One of the delights of Waikawa Beach is that there are no commercial services: no cafe or coffee cart, no vege shops or dairies to bring visitors, traffic, and paper cups blowing along the beach in the wind.
On the other hand, if you’ve run out of milk or potatoes then it’s 7+ Km each way to State Highway 1 to pick some up at Manakau. To reach Ōtaki or Levin it’s a full 15 Km each way.
Only the fit would cycle that far; only the foolish would cycle along the section of SH1 that ranks in the top 100 in Aotearoa New Zealand for road accidents and deaths.
That leaves us to take the car for most errands. For most of us that means burdening the air with noxious gases and leaving traces of rubber and oil on the roadway to wash into the paddocks and drains.
News of an additional 4-lane road with shared path then is very welcome. Within a decade we may be able to take a low-traffic route to the shops. An electric bike could ease the journey if the goal is to enjoy coffee and cake out, or to pick up the forgotten broccoli.
It could also make it feasible, with a planned improved train service, to cycle to a train station, take the bike on a train to a destination, and then return, all without getting the car out of the garage. And just imagine how convenient it would be if the train were to stop at Manakau!
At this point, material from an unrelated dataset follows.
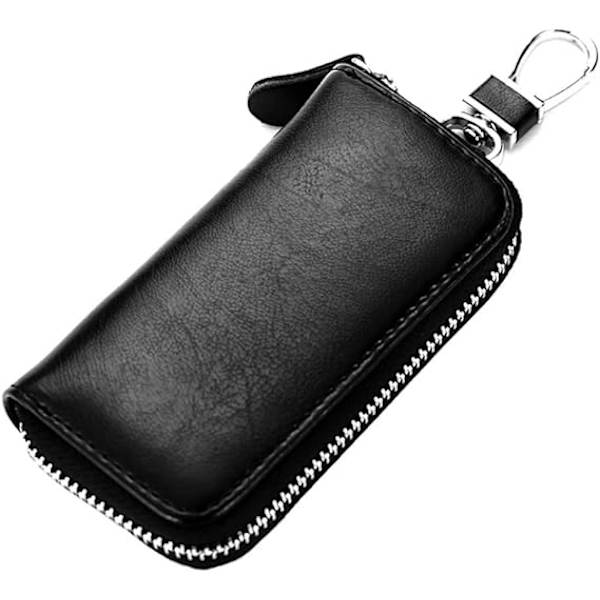(Svart) nyckel fodral läder nyckel fodral för män kohud nyckel fodral-Genera black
The population in Horowhenua is increasing dramatically. By the time the road building begins in 2025 we’re likely to see even more jammed up traffic on SH1, followed by several years of not only increasing general traffic but also roadworks and a huge number of additional vehicles to service the road construction.
Waikawa Beach is a quiet little backwater, and most residents like it like that. We don’t want shops and cafes, but we do need ways to reach those things that don’t require us to pull out the petrol guzzler. We’re in for some interesting times.
Published in Ōtaki Today, February 2020.